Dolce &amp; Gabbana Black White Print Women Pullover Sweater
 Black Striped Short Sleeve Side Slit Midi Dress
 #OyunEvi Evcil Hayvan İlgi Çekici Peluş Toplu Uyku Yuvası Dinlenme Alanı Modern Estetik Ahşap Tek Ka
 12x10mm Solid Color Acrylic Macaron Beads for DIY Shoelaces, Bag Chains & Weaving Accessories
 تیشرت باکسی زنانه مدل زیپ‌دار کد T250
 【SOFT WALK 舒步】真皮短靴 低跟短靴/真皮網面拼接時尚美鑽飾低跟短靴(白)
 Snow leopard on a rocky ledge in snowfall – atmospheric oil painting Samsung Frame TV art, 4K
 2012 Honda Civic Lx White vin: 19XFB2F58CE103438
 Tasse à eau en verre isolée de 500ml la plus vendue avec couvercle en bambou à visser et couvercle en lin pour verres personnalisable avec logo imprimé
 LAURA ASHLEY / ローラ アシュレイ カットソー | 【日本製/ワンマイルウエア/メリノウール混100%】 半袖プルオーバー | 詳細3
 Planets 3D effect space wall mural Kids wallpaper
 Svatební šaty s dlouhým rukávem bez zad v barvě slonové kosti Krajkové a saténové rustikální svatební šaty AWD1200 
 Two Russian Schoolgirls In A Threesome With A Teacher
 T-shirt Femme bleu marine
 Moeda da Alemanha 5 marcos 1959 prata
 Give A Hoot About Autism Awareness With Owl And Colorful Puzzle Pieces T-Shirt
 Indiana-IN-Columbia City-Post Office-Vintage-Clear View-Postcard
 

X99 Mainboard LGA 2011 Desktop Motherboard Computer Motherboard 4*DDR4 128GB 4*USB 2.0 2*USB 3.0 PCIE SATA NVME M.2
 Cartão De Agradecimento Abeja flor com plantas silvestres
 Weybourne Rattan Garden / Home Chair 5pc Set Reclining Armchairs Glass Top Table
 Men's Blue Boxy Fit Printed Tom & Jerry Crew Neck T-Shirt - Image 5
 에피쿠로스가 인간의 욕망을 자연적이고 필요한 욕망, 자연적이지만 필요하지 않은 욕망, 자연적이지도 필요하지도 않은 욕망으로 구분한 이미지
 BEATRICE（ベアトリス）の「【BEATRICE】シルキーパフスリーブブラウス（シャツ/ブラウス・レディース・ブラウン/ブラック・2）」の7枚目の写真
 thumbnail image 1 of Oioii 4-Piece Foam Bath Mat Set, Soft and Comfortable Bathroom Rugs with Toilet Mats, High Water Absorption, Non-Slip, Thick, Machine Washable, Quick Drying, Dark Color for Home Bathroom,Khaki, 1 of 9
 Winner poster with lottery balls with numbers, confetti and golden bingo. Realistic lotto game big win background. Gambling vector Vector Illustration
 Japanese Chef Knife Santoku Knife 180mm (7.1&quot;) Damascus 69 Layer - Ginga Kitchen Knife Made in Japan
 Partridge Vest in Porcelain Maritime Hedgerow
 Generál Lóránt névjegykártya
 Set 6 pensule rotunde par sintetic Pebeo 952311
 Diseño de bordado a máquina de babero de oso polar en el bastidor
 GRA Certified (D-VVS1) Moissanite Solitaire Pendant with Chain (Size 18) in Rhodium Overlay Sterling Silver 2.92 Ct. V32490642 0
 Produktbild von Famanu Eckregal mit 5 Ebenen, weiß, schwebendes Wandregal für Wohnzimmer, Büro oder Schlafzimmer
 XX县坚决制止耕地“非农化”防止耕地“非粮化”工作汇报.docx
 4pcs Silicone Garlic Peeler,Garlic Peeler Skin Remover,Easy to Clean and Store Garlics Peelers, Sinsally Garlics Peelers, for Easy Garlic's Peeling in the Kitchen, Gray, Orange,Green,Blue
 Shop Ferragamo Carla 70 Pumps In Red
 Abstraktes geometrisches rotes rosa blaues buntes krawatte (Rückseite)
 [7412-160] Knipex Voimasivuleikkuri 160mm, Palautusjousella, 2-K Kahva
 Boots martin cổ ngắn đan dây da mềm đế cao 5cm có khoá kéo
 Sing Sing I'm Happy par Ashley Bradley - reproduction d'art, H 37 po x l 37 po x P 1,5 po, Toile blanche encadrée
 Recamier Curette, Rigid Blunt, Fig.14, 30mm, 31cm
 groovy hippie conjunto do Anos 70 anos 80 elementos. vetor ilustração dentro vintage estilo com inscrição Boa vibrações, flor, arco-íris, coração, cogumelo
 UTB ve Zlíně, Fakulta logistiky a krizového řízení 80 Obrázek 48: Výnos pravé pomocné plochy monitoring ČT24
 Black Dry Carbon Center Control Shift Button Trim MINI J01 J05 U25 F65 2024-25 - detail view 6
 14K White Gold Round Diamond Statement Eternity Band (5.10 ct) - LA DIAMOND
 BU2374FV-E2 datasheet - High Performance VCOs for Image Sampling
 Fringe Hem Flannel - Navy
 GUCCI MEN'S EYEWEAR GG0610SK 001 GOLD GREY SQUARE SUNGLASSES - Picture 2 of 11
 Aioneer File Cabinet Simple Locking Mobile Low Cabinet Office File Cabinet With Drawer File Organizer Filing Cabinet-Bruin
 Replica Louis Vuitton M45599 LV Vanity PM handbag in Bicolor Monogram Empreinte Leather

--

▶ [PROBLEM STATEMENT]
Only one stretch of the entries above is wanted: the lines from the one containing "Give A Hoot" through the one containing "Cartão De Agradecimento". Please reproduce it exactly.

▶ [TASK OUTPUT]
 Give A Hoot About Autism Awareness With Owl And Colorful Puzzle Pieces T-Shirt
 Indiana-IN-Columbia City-Post Office-Vintage-Clear View-Postcard
 

X99 Mainboard LGA 2011 Desktop Motherboard Computer Motherboard 4*DDR4 128GB 4*USB 2.0 2*USB 3.0 PCIE SATA NVME M.2
 Cartão De Agradecimento Abeja flor com plantas silvestres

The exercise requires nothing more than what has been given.